Exercise description: Below are records with pictures in them. Transcribe everything from the line containing "To run a new" down to the line containing "Enter the WSUS", exactly, and leave the pictures behind.

═══ Data for processing ═══

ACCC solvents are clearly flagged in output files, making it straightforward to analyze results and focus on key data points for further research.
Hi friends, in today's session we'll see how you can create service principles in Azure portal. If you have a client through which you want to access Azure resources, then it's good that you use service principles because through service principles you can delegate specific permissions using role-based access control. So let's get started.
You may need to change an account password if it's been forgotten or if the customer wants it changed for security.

═══
═══ Data for processing ═══

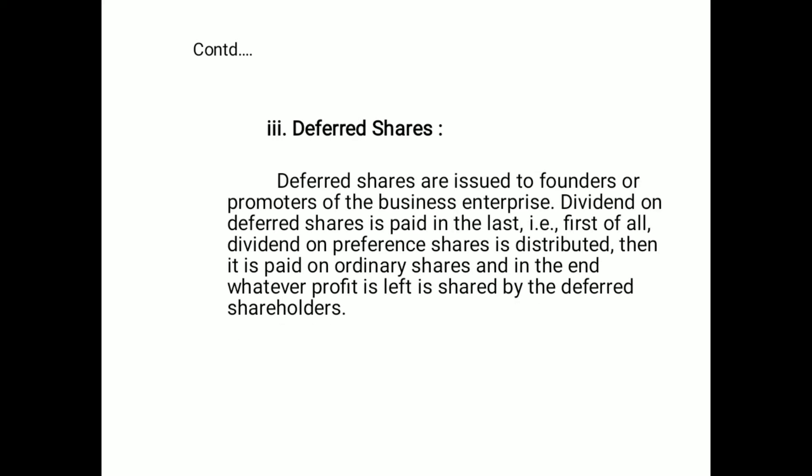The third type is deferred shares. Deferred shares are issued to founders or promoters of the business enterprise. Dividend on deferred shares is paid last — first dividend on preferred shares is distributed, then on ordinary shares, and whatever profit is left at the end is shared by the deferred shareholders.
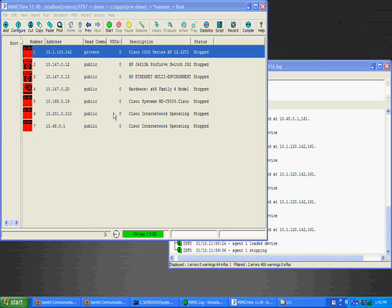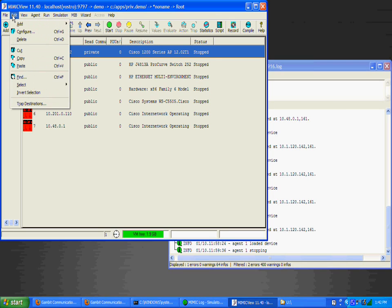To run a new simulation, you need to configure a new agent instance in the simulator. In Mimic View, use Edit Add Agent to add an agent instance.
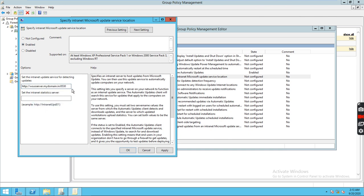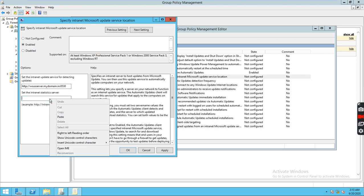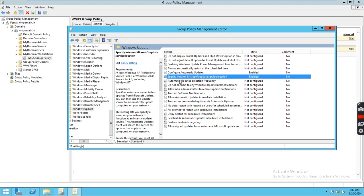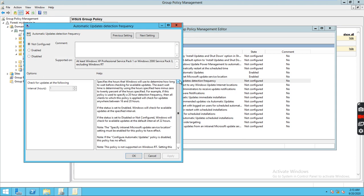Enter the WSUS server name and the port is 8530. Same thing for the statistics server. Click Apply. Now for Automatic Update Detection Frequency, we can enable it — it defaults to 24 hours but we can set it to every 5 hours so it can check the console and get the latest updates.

═══

The completed task:
To run a new simulation, you need to configure a new agent instance in the simulator. In Mimic View, use Edit Add Agent to add an agent instance.
Enter the WSUS server name and the port is 8530. Same thing for the statistics server. Click Apply. Now for Automatic Update Detection Frequency, we can enable it — it defaults to 24 hours but we can set it to every 5 hours so it can check the console and get the latest updates.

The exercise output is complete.